Appel urgent à la clarté et à l'action pour l'ONU
Le discours de Sa Majesté le Roi met en lumière l'importance cruciale d'une clarté accrue concernant un dossier qui s'éternise depuis des décennies. «L'appel de Sa Majesté aux Nations unies pour qu'elles assument «leurs responsabilités» se fait entendre comme une exigence pressante de clarté et de décision sur une question qui perdure depuis des décennies», souligne M. El Yattioui. «Ce discours met en évidence le contraste entre deux paradigmes : d'une part, celui du Maroc, ancré dans une approche réaliste soutenue par des actions concrètes en matière de développement et de sécurité, et, d'autre part, celui de ses opposants, qu'Il qualifie de nourri par des mythes du passé», ajoute-t-il.Dans cette optique, le Souverain incite la communauté internationale à ne plus soutenir des positions idéologiques déconnectées des réalités contemporaines, qui exacerbent une tension inutile dans une région déjà fragile. «À la place, S.M. le Roi Mohammed VI exhorte les Nations unies à reconnaître la justesse du modèle marocain d’intégration du Sahara dans le cadre d'une autonomie renforcée, un modèle qui, selon le Maroc, garantit la stabilité et le développement de cette région», note l’expert.
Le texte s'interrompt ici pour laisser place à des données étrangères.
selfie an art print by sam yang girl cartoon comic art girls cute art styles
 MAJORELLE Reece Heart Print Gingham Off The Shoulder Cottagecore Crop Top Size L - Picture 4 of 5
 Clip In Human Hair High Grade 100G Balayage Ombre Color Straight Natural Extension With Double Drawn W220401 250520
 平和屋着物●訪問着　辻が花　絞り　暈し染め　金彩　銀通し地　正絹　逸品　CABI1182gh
Le rôle des MRE dans la consolidation d'un front uni à l'international
En parallèle à cette prise de position plus franche, le discours marque une évolution significative dans la stratégie diplomatique du Royaume. «Ce discours incarne une nouvelle dimension de la stratégie diplomatique marocaine : le renforcement des liens avec les Marocains résidant à l'étranger (MRE), pour lesquels le Souverain annonce une restructuration des institutions dédiées à la diaspora», précise M. El Yattioui.D’après lui, à travers des institutions comme le Conseil de la communauté marocaine à l’étranger et la Fondation Mohammedia, le Maroc vise à augmenter la participation des ressortissants à l'étranger dans la défense de ses intérêts, notamment en ce qui concerne la question du Sahara marocain. «Cette mobilisation constitue un levier de puissance douce, permettant d'impliquer des milliers de Marocains dans un plaidoyer actif en faveur de la position nationale», affirme-t-il. Cette approche proactive s'inscrit dans la volonté de présenter un front uni à l'échelle internationale, illustrant ainsi l'attachement des Marocains du monde entier à l'intégrité territoriale de leur pays, conclut M. El Yattioui.